THE TASK
Below is a listing with pictures. Repeat exactly the lines starting at the one holding "Mujer MARISCAL |" and going on through the one holding "Facsimile Autographed Michael", and leave every picture out.

PROVIDED RECORDS
----
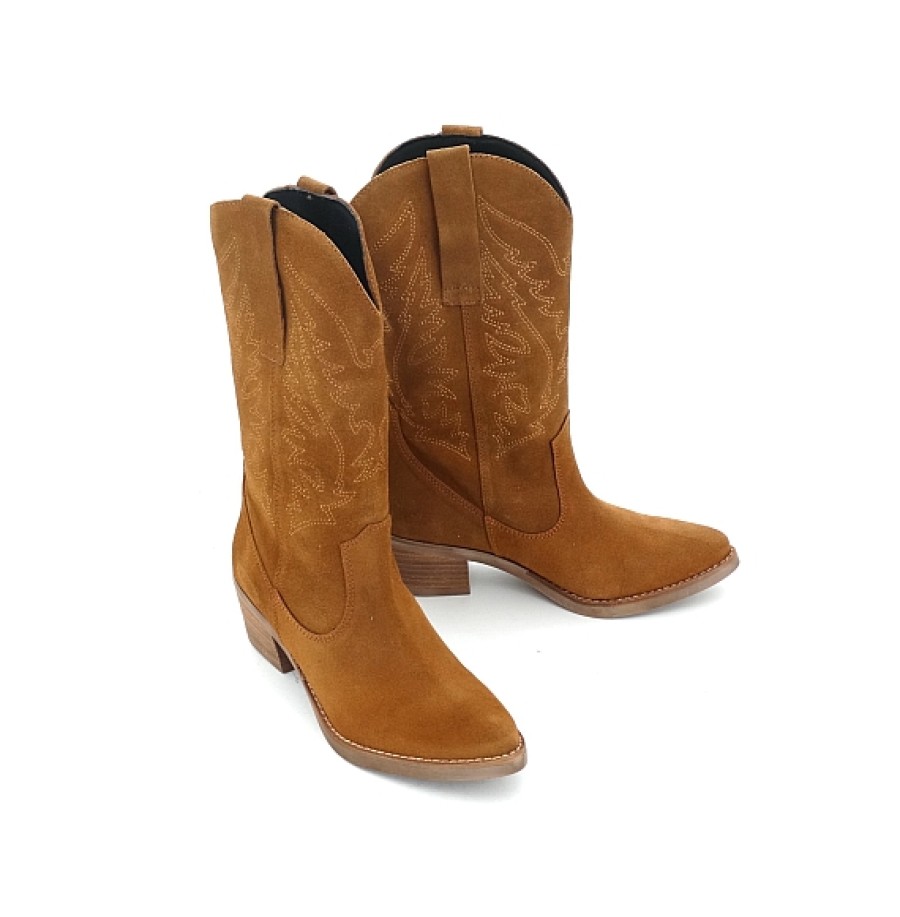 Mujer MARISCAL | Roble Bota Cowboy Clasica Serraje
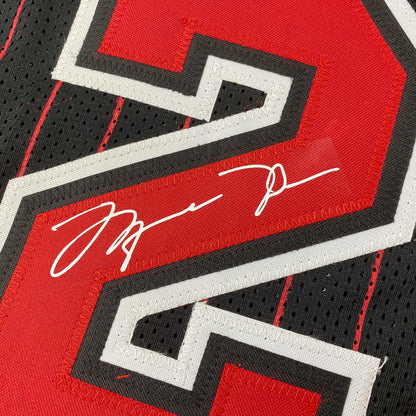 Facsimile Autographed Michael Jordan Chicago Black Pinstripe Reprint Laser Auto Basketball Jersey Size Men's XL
----
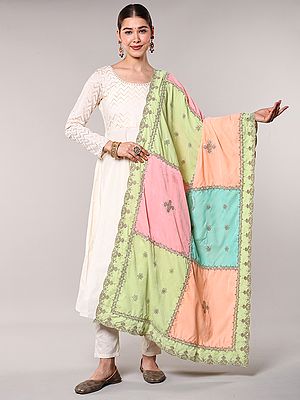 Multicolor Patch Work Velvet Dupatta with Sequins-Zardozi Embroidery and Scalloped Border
----
TASK RESULT
 Mujer MARISCAL | Roble Bota Cowboy Clasica Serraje
 Facsimile Autographed Michael Jordan Chicago Black Pinstripe Reprint Laser Auto Basketball Jersey Size Men's XL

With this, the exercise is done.